[Data for processing — start]

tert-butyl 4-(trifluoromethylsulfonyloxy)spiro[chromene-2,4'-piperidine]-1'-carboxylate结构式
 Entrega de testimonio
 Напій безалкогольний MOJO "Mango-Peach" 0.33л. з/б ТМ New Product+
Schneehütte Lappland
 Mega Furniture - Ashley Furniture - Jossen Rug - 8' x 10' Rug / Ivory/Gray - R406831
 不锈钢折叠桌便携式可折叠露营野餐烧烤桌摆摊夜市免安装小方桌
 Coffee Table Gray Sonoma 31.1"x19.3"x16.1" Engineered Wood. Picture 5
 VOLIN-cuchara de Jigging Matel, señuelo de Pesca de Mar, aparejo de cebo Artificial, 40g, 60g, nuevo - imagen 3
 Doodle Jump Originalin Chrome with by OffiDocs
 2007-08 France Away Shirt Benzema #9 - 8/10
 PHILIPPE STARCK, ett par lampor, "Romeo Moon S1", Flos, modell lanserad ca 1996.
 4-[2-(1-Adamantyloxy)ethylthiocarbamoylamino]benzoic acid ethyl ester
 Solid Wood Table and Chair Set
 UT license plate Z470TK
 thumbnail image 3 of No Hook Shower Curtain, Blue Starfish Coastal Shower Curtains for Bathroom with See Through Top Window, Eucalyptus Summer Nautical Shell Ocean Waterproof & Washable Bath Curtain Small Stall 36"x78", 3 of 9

[Data for processing — finish]

Assignment -> Set the data above down again in full, exactly as it reads.

Solution to the problem ->
tert-butyl 4-(trifluoromethylsulfonyloxy)spiro[chromene-2,4'-piperidine]-1'-carboxylate结构式
 Entrega de testimonio
 Напій безалкогольний MOJO "Mango-Peach" 0.33л. з/б ТМ New Product+
Schneehütte Lappland
 Mega Furniture - Ashley Furniture - Jossen Rug - 8' x 10' Rug / Ivory/Gray - R406831
 不锈钢折叠桌便携式可折叠露营野餐烧烤桌摆摊夜市免安装小方桌
 Coffee Table Gray Sonoma 31.1"x19.3"x16.1" Engineered Wood. Picture 5
 VOLIN-cuchara de Jigging Matel, señuelo de Pesca de Mar, aparejo de cebo Artificial, 40g, 60g, nuevo - imagen 3
 Doodle Jump Originalin Chrome with by OffiDocs
 2007-08 France Away Shirt Benzema #9 - 8/10
 PHILIPPE STARCK, ett par lampor, "Romeo Moon S1", Flos, modell lanserad ca 1996.
 4-[2-(1-Adamantyloxy)ethylthiocarbamoylamino]benzoic acid ethyl ester
 Solid Wood Table and Chair Set
 UT license plate Z470TK
 thumbnail image 3 of No Hook Shower Curtain, Blue Starfish Coastal Shower Curtains for Bathroom with See Through Top Window, Eucalyptus Summer Nautical Shell Ocean Waterproof & Washable Bath Curtain Small Stall 36"x78", 3 of 9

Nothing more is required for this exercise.